This was done, and when Emily had been carried into the house, Paul was led thither also by his captor. As they stood in the hall, the second officer drew from his pocket a warrant, and read it out with official gravity.
“You’ll go quietly with us, I suppose?” he then said.
Paul nodded, and all three departed by the front door.
It was midnight and before Mrs. Enderby showed any signs of returning consciousness. Miss Bygrave and Maud sat by her bed together, and at length one of them noticed that she had opened her eyes and was looking about her, though without moving her head.
“Mother,” Maud asked, bending over her, “are you better? Do you know me?”
Emily nodded. There was no touch of natural colour in her face, and its muscles seemed paralysed. And she lay thus for hours, conscious apparently, but paying no attention to those in the room. Early in the morning a medical man was summoned, but his assistance made no change. The fog was still heavy, and only towards noon was it possible to dispense with lamp-light; then there gleamed for an hour or two a weird mockery of day, and again it was nightfall. With the darkness came rain.
Waymark had come to the house about ten o’clock. But this was to be no wedding-day. Maud begged him through her aunt not to see her, and he returned as he came. Miss Bygrave had told him all that had happened.
Mrs. Enderby seemed to sleep for some hours, but just after nightfall the previous condition returned; she lay with her eyes open, and just nodded when spoken to. From eight o’clock to midnight Maud tried to rest in her own room, but sleep was far from her, and when she returned to the sick-chamber to relieve her aunt, she was almost as worn and ghastly in countenance as the one they tended. She took her place by the fire, and sat listening to the sad rain, which fell heavily upon the soaked garden-ground below. It had a lulling effect. Weariness overcame her, and before she could suspect the inclination, she had fallen asleep.
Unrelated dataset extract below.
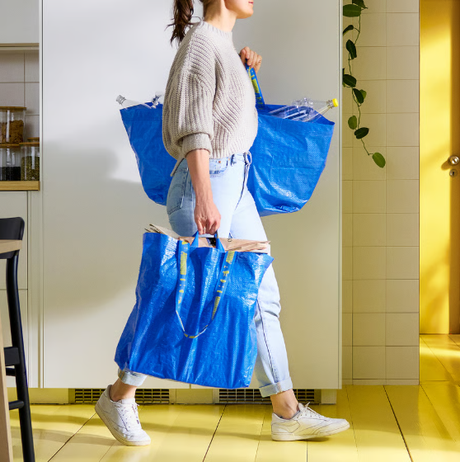 Photograph of person holding ikea bag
Suddenly she was awake again, wide awake, it seemed to her, without any interval of half-consciousness, and staring horror-struck at the scene before her. The shaded lamp stood on the chest of drawers at one side of the room, and by its light she saw her mother in front of the looking-glass, her raised hand holding something that glistened. She could not move a limb; her tongue was powerless to utter a sound. There was a wild laugh, a quick motion of the raised hand—then it seemed to Maud as if the room were filled with a crimson light, followed by the eternal darkness.
. . . . . . . . . . . . . . . . . . .
A fortnight later Miss Bygrave was sitting in the early morning by the bed where Maud lay ill. For some days it had been feared that the girl’s reason would fail, and though this worst possibility seemed at length averted, her condition was still full of danger. She had recognised her aunt the preceding evening, but a relapse had followed. Now she unexpectedly turned to the watcher, and spoke feebly, but with perfect self-control.